Roland Barthes avait confié lors d’une interview sur France Culture qu’il n’aimait pas trop marcher. La découverte pédestre de son parcours automobile préféré pour joindre Bayonne à Urt favorise une revue détaillée de l’environnement, mais aussi un point de vue à hauteur d’homme. Assis en auto, même décapotable le regard butte sur les haies et la digue ne livrent que de fugitives lignes de fuite.

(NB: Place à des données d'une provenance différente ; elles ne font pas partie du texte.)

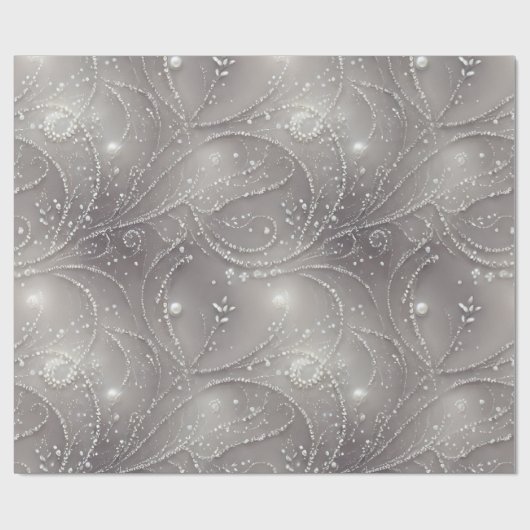 Elegantes Grau, Perlenstrände, Perlen und Licht Geschenkpapier (Flach)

La distinction entre paysages habitables et paysages visitables catégorise les paysages dont la distinction tient à la qualité de la lumière-espace qui dispense une qualité éminemment habitable à la terre qui acquiert ainsi le pouvoir de déjouer l’immobilité figée des cartes postales. Ce trajet des Barthes fait figure de modèle de paysage habitable, pourtant quelques années plus tard dans La Chambre Claire, l’auteur revient sur sa définition du paysage habitable en prenant pour exemple une photo de l’Alhambra. Réalisée par Charles Clifford dans les années 1850, cette image n’est pas sans évoquer la Villa Saint-Jean sur les bords de l’Adour, dont le souvenir du style hispanisant marqué pourrait avoir orienté le choix de Roland Barthes. D’autant que la légende « C’est là que je voudrais vivre… » est interrogée par le texte ci-dessous :

« Pour moi, les photographies de paysages (urbains ou campagnards) doivent être habitables, et non visitables. Ce désir d’habitation, si je l’observe bien en moi-même n’est ni onirique (je ne rêve pas d’un site extravagant) ni empirique ; il est fantasmatique, relève d’un sorte de voyance qui semble me porter en avant dans un temps utopique, ou me reporter en arrière, je ne sais où de moi-même (…) »… » La Chambre Claire- 1980- p.66-68

La tentation est grande de localiser ce je ne sais où de moi-même comme une réminiscence des bords de l’Adour. Et j’y succombe.

Quand il rentrait en fin d’après-midi à Urt, par la Départementale 74, il pouvait lire sur le cadran solaire de la Villa St-Jean : « Je ne marque que les beaux soirs ». Le cadran solaire ne peut marquer les heures de fin de journée que si le soleil brille assez tard dans la soirée. L’évidence poétique de cette assertion ne résume pas le sens littéral de ce tracé par la lumière, qui à l’instar des racines grecques du mot photographie « peindre avec la lumière » décrit un état naturel de la photo, inscription instantanée, sans mémoire. Dans ce contexte seul les « beaux » instants sont marqués, sans la lumière la marque n’apparaît pas, le « beau » fonctionne ici comme condition de la marque, du tracé. Ce « beau » météorologique peut aussi marquer un point final, le beau soir de la vie. Cet aphorisme éclaire d’une lumière particulière ce parcours qui lui est dédié.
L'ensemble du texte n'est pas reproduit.